Algorithmic Crochet

I forgot in my last post on my crocheting technique, Back to Math Basics, to explain further how I use the following table and how I arrived at it’s contents:

Row x2 x3 x4 x5 x6
16 32 48 64 80 96
17 34 51 68 85 102
18 36 54 72 90 108
19 38 57 76 95 114
20 40 60 80 100 120
21 42 63 84 105 126
22 44 66 88 110 132

I used some algebra (or possibly finite mathematics) to achieve the process for inserting the six additional stitches equadistant around the circumferences of the cap.

Let the row be represented by a; let the incremental stitches be represented by b; and, let the insertion position for the additional stitches be represented by P.  Then,

P = ab-1

Using the table above, at the beginning of a round, I stitch a-1 stitches and insert the a stitch in the same stitch.  For row 16, I started off with 15 stitches and put the 16th stitch in the same stitch as the 15th, then I continued counting 15 more stitches (or to the number 31, since that is ab-1 or (16×2)-1, and inserted the second additional stitch, which is also the 32nd stitch, in the same stitch as the 31st stitch.  How many times can I type stitch in a sentence?  🙂

When I reach my safety pin which marks the end (or beginning) of the round, I should have reached the 96th stitch, after which I slip stitch into the first stitch of that round.

Algebra doesn’t always lends itself seamlessly to application in crochet, but an algorithm works perfectly.  For example (using no particular programming language, but rather just generic easily understood syntax):

Row = 16
MaxRow = 22
IncreaseBy = 6
Stitch=1
AddStitch=1

While Row < = MaxRow
While AddStitch <= IncreaseBy
While Stitch < Row
Stitch=Stitch+1
EndWhile
AddStitch=AddStitch+1
EndWhile
Stitch=1
AddStitch=1
Row=Row+1
EndWhile

I think that algorithm works, however clumsy it may appear.  I’m sure I could do it with less loops and/or recursively, but I’m too far removed from my programming days to dredge up those memories.  I may research a bit to remind myself of some more aesthetic algorithmic techniques and revisit this in a later posting.

Still, I find it fascinating to confuse what otherwise could be a boring bit of crocheting.  Besides, I always love to tout all the math my fellow students complained about in high school, whining that they would never use algebra or geometry or trigonometry, etc. in the ‘real’ world.

Ha!

Back to Math Basics

Sunday afternoon became more distracting as it approached evening.  Aside from the numbness and tingling which reasserts itself every few minutes, I find it difficult to count stitches and determine multiples of double digit numbers in my head while remembering the end goal of max stitches for that row all while the rest of the family watches a movie or taunts the Rotts into playing boisterously.

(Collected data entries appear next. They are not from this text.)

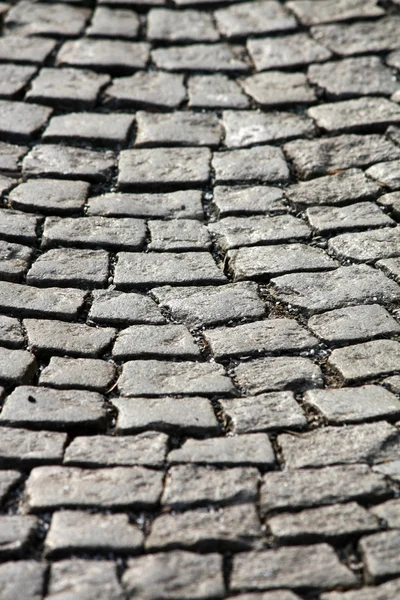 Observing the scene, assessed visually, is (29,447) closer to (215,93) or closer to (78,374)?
(78,374)

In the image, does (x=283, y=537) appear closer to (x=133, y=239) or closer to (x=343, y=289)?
(x=343, y=289)

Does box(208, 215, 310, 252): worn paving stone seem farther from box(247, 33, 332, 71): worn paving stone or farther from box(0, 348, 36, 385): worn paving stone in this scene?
box(247, 33, 332, 71): worn paving stone

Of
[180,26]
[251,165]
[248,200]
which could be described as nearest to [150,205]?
[248,200]

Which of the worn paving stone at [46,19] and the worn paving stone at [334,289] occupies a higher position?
the worn paving stone at [46,19]

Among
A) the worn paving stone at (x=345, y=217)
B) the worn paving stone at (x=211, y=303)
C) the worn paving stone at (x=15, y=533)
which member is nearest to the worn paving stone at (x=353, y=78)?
the worn paving stone at (x=345, y=217)

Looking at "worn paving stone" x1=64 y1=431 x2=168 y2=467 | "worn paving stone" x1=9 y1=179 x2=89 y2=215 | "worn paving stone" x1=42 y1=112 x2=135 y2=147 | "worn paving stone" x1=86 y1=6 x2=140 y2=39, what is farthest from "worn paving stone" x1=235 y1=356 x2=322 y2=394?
"worn paving stone" x1=86 y1=6 x2=140 y2=39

At row fifteen, I stopped and took a break for a bit.  I read a few pages in Grand Conspiracy.  I then found a piece of paper to write out the next seven rows numerical stitch pattern.  For example, until row twenty-two, I need to increase each row by adding six stitches evenly spaced around the round.  I wrote the following quick chart to aid in my stitch counting:

Row x2 x3 x4 x5 x6
16 32 48 64 80 96
17 34 51 68 85 102
18 36 54 72 90 108
19 38 57 76 95 114
20 40 60 80 100 120
21 42 63 84 105 126
22 44 66 88 110 132

I made it to row eighteen last night before retiring to bed.

Eighteen Rows or 108 Stitches Around
Eighteen Rows or 108 Stitches Around

Part of the reason I enjoy crocheting, or music (which is tangential I know) has to do with all the finite math involved with the patterns.  And the best part of all, at least when working a circular crochet pattern is the chance to use my favorite mathematical constant.  Stretch your memory back to the days of algebra and geometry and remember the simple formula for determining the circumference of a circle:

Diameter of 10.25 inches
Diameter of 10.25 inches

Can’t remember?  Well, let me remind you using the photo above.  If the diameter of a circle is 10.25 inches, the circumference is the diameter multiplied by the constant pi:

C = dπ

Or, as illustrated above:

C = 10.25 * 3.14159

C =  32.2

I have four more rows of increasing before I crochet a band of a half dozen single crochets (with no increases in stitches).  After that, I start decreasing.  The pattern reduces to a head band circumference of 18.25 inches, which is too small for Rachelle’s inflated ego, er I mean head.  Her cranium has a circumference of over 22 inches.  So I’ll have to do yet more math to determine the proper stopping point during the reduction.

I’ve decided not to take this Brimmed Cap project with me to work today, even though with the vanpool I have over an hour I could be crocheting to and from work.  Mondays (and Fridays) I usually have to tote quite a few things with me (like a week’s worth of lunches and a laptop).  If I don’t finish the cap this evening, I’ll probably take it with me on the commute Tuesday.